I shouldn't be surprised that he came out with all of this all of a sudden. He's been making slight allusions to death and dying lately, and has been close to tears from time to time when talking about mommy. He's even used it to try to manipulate me at bedtime, "crying" about wanting mommy, then telling me what would cheer him up would be to play a while longer. Not nice.
But really, it's been on my mind, too.
His fourth birthday is also the fourth anniversary of Amanda's cancer being discovered. Four years, in life, is not that long. But it's been a roller-coaster ride through hell. It's been long and short. It's been an endurance challenge and a joy. It's been the greatest and worst times of my life. And I'm sure he notices her absence.
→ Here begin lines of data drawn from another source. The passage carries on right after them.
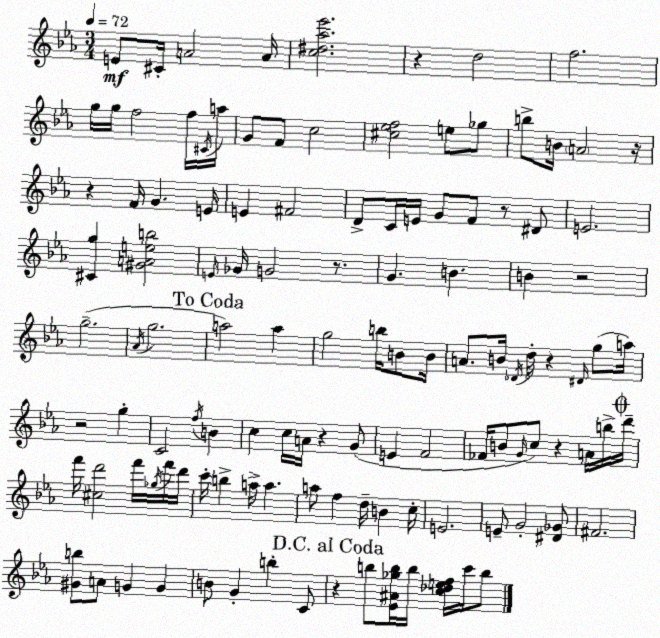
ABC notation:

X:1
T:Untitled
M:3/4
L:1/4
K:Cm
E/2 ^C/4 A2 A/4 [c^d_a_e']2 z d2 f2 g/4 g/4 f2 f/4 ^C/4 a/4 G/2 F/2 c2 [^c_ef]2 e/2 _g/2 b/2 B/4 A2 z/4 z F/4 G E/4 E ^F2 D/2 C/4 E/4 G/2 F/2 z/2 ^D/2 E2 [^Cg] [^GAeb]2 E/4 _G/4 G2 z/2 G B B z2 g2 _A/4 g2 a2 a g2 b/4 B/2 B/4 A/2 B/4 _D/4 d/4 z ^D/4 g/2 a/4 z2 g C2 f/4 B c c/4 A/4 z G/2 E F2 _F/4 B/2 G/4 c/2 z A/4 b/4 d'/4 f'/4 [^cd']2 f'/4 _g/4 f'/4 d'/4 c'/4 b a/4 a a/2 f d/4 B c/4 E2 E/2 G2 [^D_G]/2 ^F2 [^Gb]/2 A/2 G G B/2 G b C/2 z b/2 [_E^A_gb]/4 b/4 [c_def]/4 c'/4 b/2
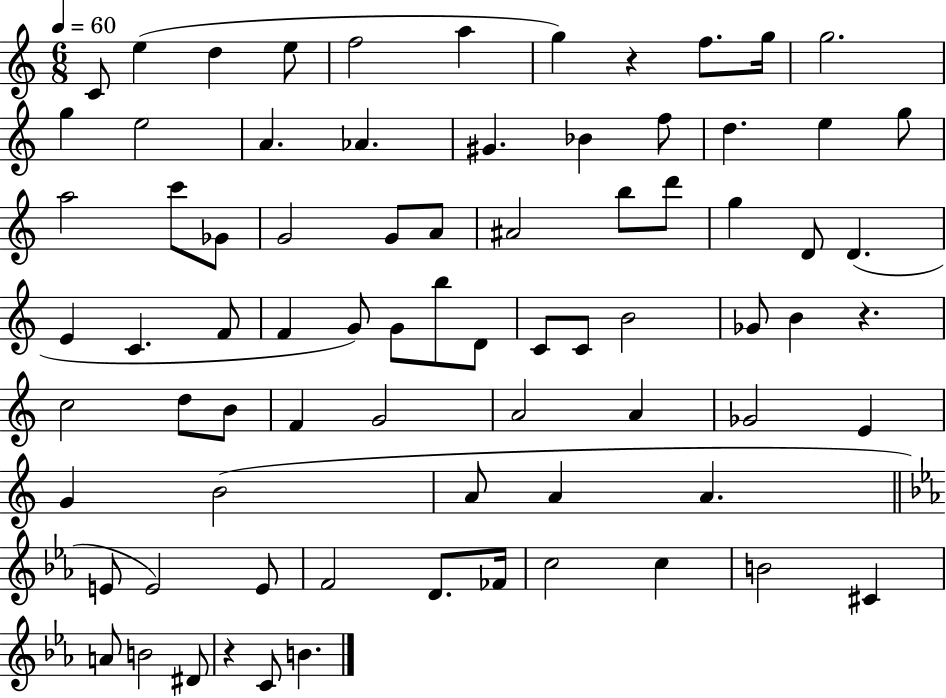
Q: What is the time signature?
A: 6/8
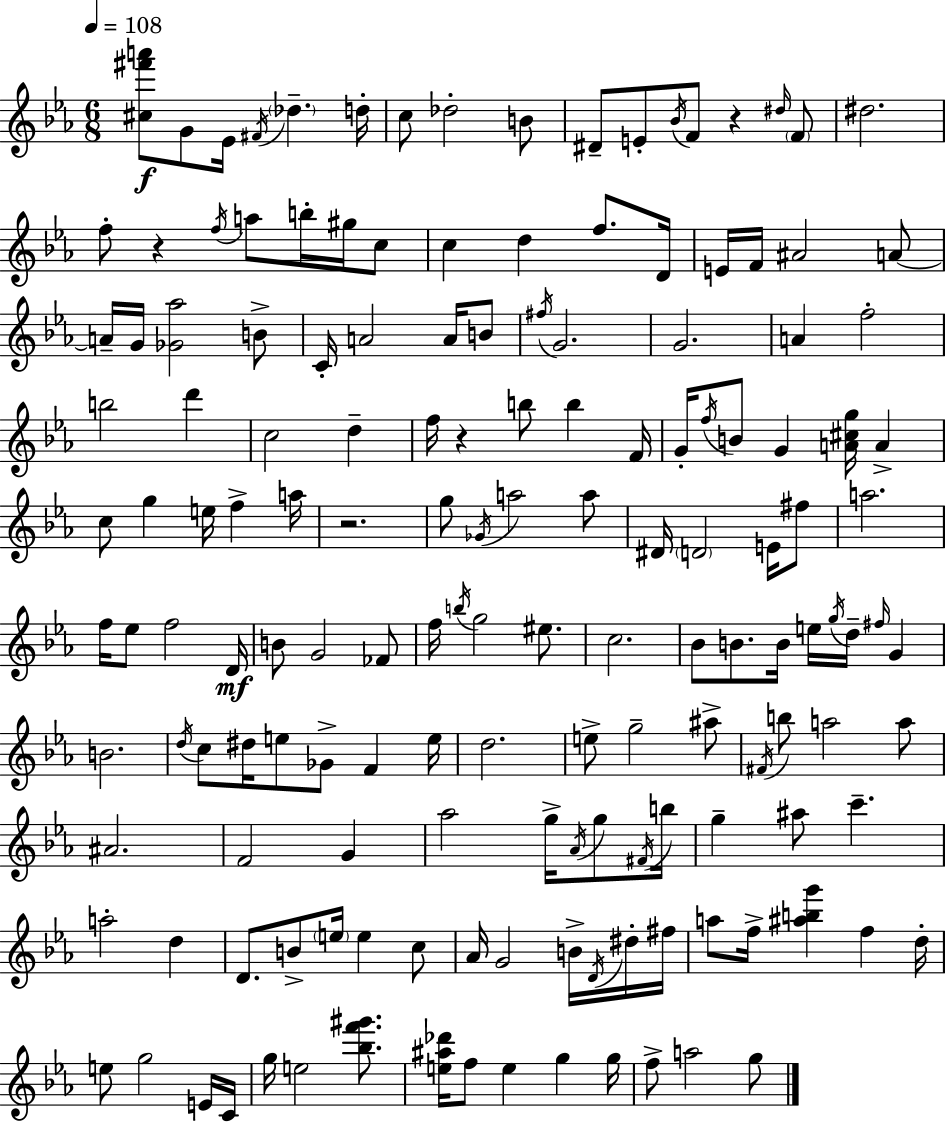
{
  \clef treble
  \numericTimeSignature
  \time 6/8
  \key c \minor
  \tempo 4 = 108
  \repeat volta 2 { <cis'' fis''' a'''>8\f g'8 ees'16 \acciaccatura { fis'16 } \parenthesize des''4.-- | d''16-. c''8 des''2-. b'8 | dis'8-- e'8-. \acciaccatura { bes'16 } f'8 r4 | \grace { dis''16 } \parenthesize f'8 dis''2. | \break f''8-. r4 \acciaccatura { f''16 } a''8 | b''16-. gis''16 c''8 c''4 d''4 | f''8. d'16 e'16 f'16 ais'2 | a'8~~ a'16-- g'16 <ges' aes''>2 | \break b'8-> c'16-. a'2 | a'16 b'8 \acciaccatura { fis''16 } g'2. | g'2. | a'4 f''2-. | \break b''2 | d'''4 c''2 | d''4-- f''16 r4 b''8 | b''4 f'16 g'16-. \acciaccatura { f''16 } b'8 g'4 | \break <a' cis'' g''>16 a'4-> c''8 g''4 | e''16 f''4-> a''16 r2. | g''8 \acciaccatura { ges'16 } a''2 | a''8 dis'16 \parenthesize d'2 | \break e'16 fis''8 a''2. | f''16 ees''8 f''2 | d'16\mf b'8 g'2 | fes'8 f''16 \acciaccatura { b''16 } g''2 | \break eis''8. c''2. | bes'8 b'8. | b'16 e''16 \acciaccatura { g''16 } d''16-- \grace { fis''16 } g'4 b'2. | \acciaccatura { d''16 } c''8 | \break dis''16 e''8 ges'8-> f'4 e''16 d''2. | e''8-> | g''2-- ais''8-> \acciaccatura { fis'16 } | b''8 a''2 a''8 | \break ais'2. | f'2 g'4 | aes''2 g''16-> \acciaccatura { aes'16 } g''8 | \acciaccatura { fis'16 } b''16 g''4-- ais''8 c'''4.-- | \break a''2-. d''4 | d'8. b'8-> \parenthesize e''16 e''4 | c''8 aes'16 g'2 b'16-> | \acciaccatura { d'16 } dis''16-. fis''16 a''8 f''16-> <ais'' b'' g'''>4 f''4 | \break d''16-. e''8 g''2 | e'16 c'16 g''16 e''2 | <bes'' f''' gis'''>8. <e'' ais'' des'''>16 f''8 e''4 g''4 | g''16 f''8-> a''2 | \break g''8 } \bar "|."
}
His first birthday was in Halifax with friends and family with the famous cake-smash. His second was in London with another of mommy's banana cakes. His third, last year, was cupcakes in hospital with mommy and a trip to the indoor playground with me. This year, mommy's not here. He's getting enough perspective to look back and see what's changed.
|Sometimes he's such a sophisticated little dude!|
Me, I'm starting to realize how awful things were. I think this'll be worth a whole separate post, but I'm having short peeks of clarity where I can look back at the past four years and see how horrifically bad some of the times were. In the moment, it was about just going on. It's cancer? Gotta keep going. Treatment is hard? Gotta keep going. Cancer's back? Gotta keep going. Moving? Keep going. Amanda's cut wide open and has feces leaking into her insides and being sucked through the surgical wound with a vacuum pump? Gotta keep going. She died? Gotta keep going.
How .... .......... horrible. I'm starting to wonder how much of the positivity and bravery that people have complimented me on throughout this ordeal was a tunnel-vision focus on survival and making life decent for my little boy. How much was I able to compartmentalize and shield myself from the unthinkable things I had to face each day?
If I was somehow able to seal it all off to prevent my brain and soul from shattering from the sadness and horror of it, well, I think the seal is starting to crack. I hope it drips out slowly and not in a deluge. Again, I think I'll come back to this in future.
For now, back to the positives: Gordon is four now. He's amazing. He's a wonderful person. I'm proud to be his dad. I'm privileged to share my life with him and his with me. I love him so much. And I know I need to take better care of me so I can take the best care of him.